Читаем The Science of Interstellar полностью

Let’s make that more precise. In Figure 4.4 the Sun’s equatorial plane is a two-dimensional surface that bends downward in a three-dimensional bulk. This motivates the way we physicists think about our full universe. Our universe has three space dimensions (east-west, north-south, up-down), and we think of it as a three-dimensional membrane or brane for short that is warped in a higher-dimensional bulk. How many dimensions does the bulk have? I discuss this carefully in Chapter 21, but for the purposes of Interstellar, the bulk has just one extra space dimension: four space dimensions in all.

Now, it’s very hard for humans to visualize our three-dimensional universe, our full brane, living and bending in a four-dimensional bulk. So throughout this book I draw pictures of our brane and bulk with one dimension removed, as I did in Figure 4.4.

Fig. 4.4. Paths of Viking radio signals through the Sun’s warped equatorial plane.

In Interstellar, the characters often refer to five dimensions. Three are the space dimensions of our own universe or brane (east-west, north-south, up-down). The fourth is time, and the fifth is the bulk’s extra space dimension.

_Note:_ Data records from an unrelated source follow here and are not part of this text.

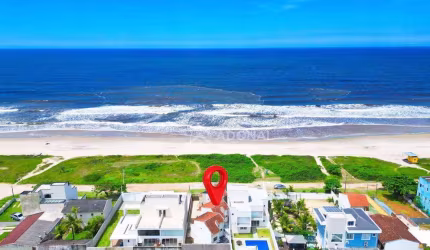 Sobrado em Condomínio de Frente para o Mar, com 3 dormitórios à venda, 108 m² por R$ 700.000 - Coroados - Guaratuba/PR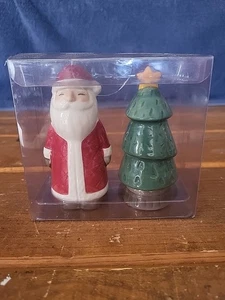 Coctelera de sal y pimienta de Papá Noel y árbol de Navidad hecha comprar celebrarlo - Imagen 1 de 3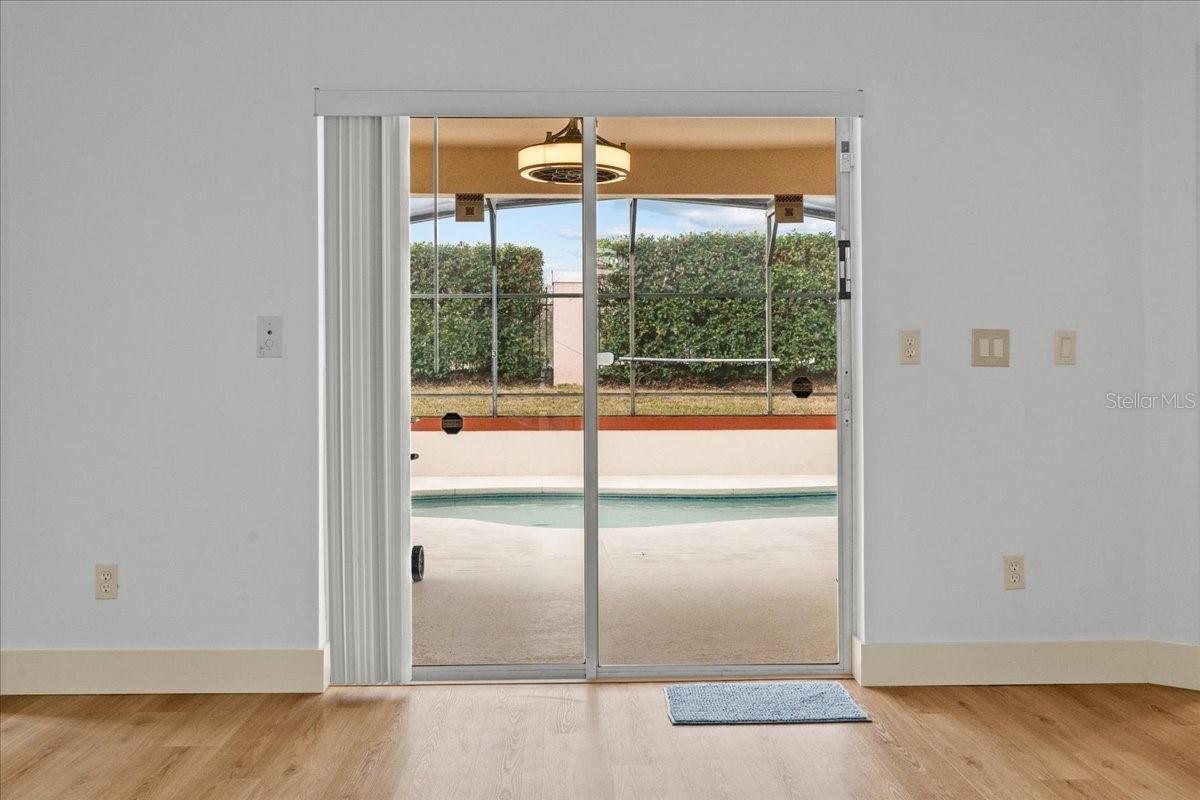 421 ROBIN RD, DAVENPORT, FL, 33896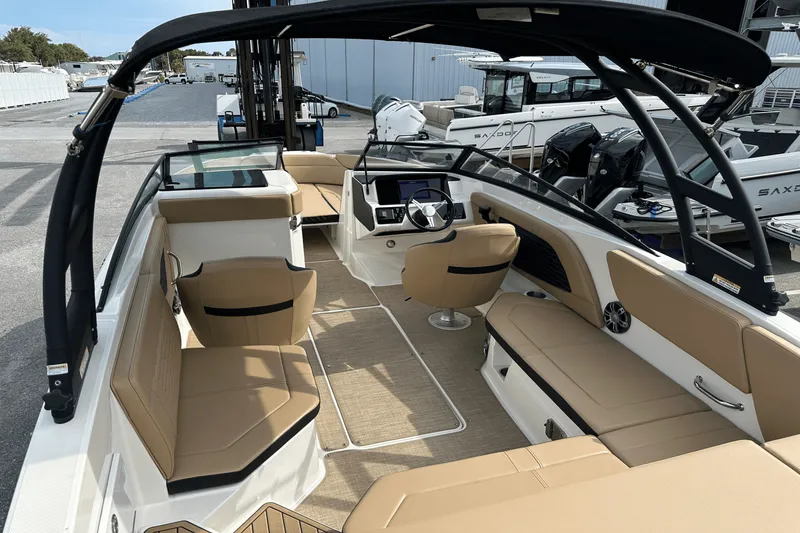 Slide: The Image of Sea Ray 230 SPX-OB 2022 - 7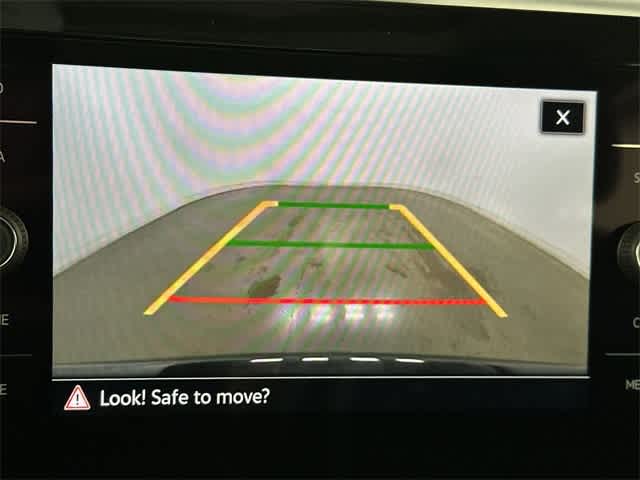 Thumbnail: 2025 Volkswagen Taos - 14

Does the bulk really exist? Is there truly a fifth dimension, and maybe even more, that humans have never experienced? Very likely yes. We’ll explore this in Chapter 21.

The warping of space (warping of our brane) plays a huge role in Interstellar. For example, it is crucial to the very existence of the wormhole connecting our solar system to the far reaches of the universe, where Gargantua lives. And it distorts the sky around the wormhole and around the black hole Gargantua; this is the gravitational lensing we met in Figure 3.3.

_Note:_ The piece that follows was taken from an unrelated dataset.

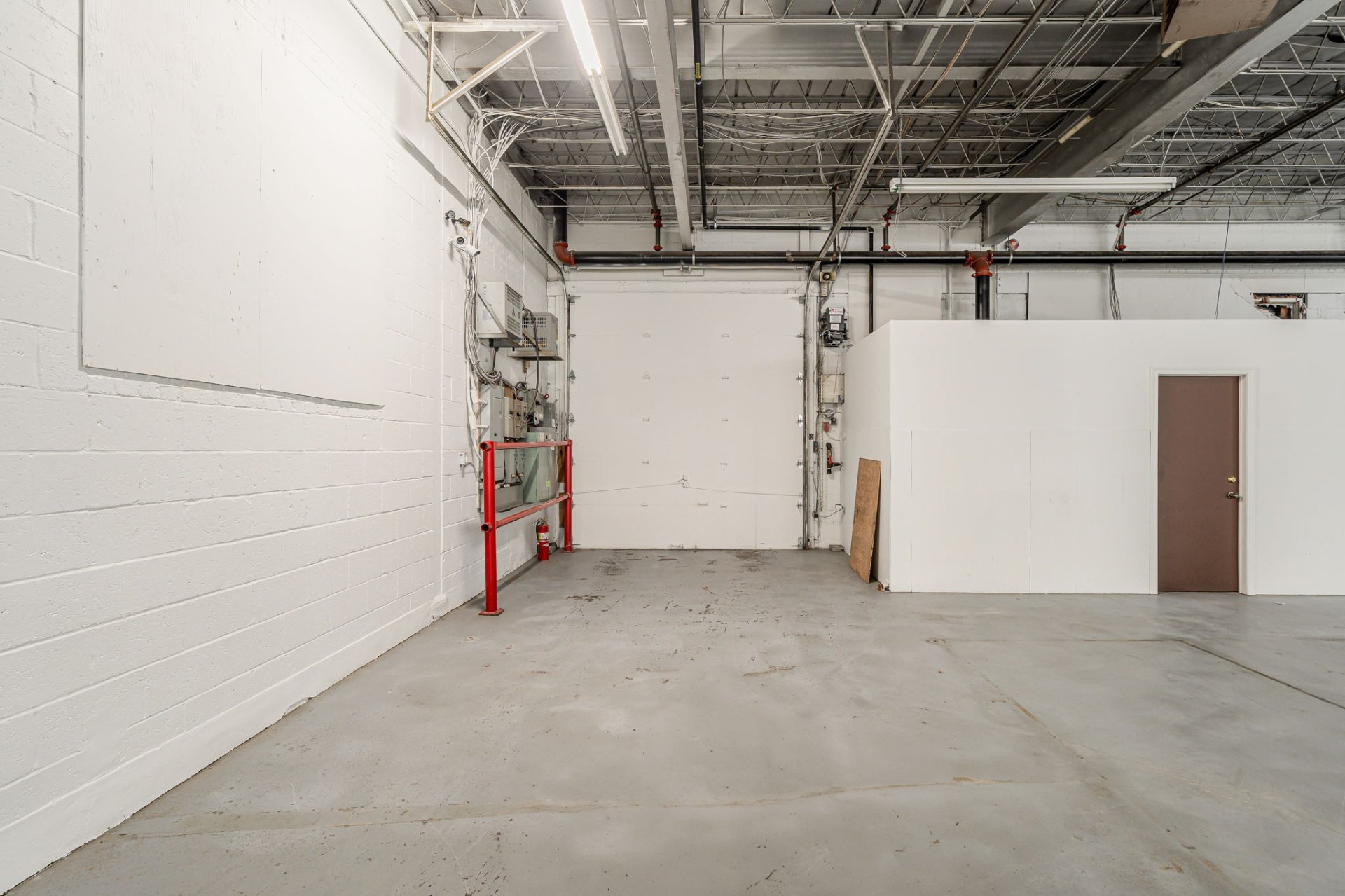 Photo - Shipping (door/dock)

Figure 4.5 is an extreme example of space warps. It is a fanciful drawing by my artist friend Lia Halloran, depicting a hypothetical region of our universe that contains large numbers of wormholes (Chapter 14) and black holes (Chapter 5) extending outward from our brane into and through the bulk. The black holes terminate in sharp points called “singularities.” The wormholes connect one region of our brane to another. As usual, I suppress one of our brane’s three dimensions, so the brane looks like a two-dimensional surface.

Fig. 4.5. Black holes and wormholes extending out of our brane into and through the bulk. One space dimension is removed from both our brane and the bulk. [Drawing by the artist Lia Halloran.]Tidal Gravity

Einstein’s relativistic laws dictate that planets, stars, and unpowered spacecraft near a black hole move along the straightest paths permitted by the hole’s warped space and time. Figure 4.6 shows examples of four such paths. The two purple paths headed into the black hole begin parallel to each other. As each path tries to remain straight, the two paths get driven toward each other. The warping of space and time drives them together. The green paths, traveling circumferentially around the hole, also begin parallel. But in this case, the warping drives them apart.

Fig. 4.6. Four paths for planetary motion in the vicinity of a black hole. The picture of the hole is extracted from Lia Halloran’s drawing, Figure 4.5.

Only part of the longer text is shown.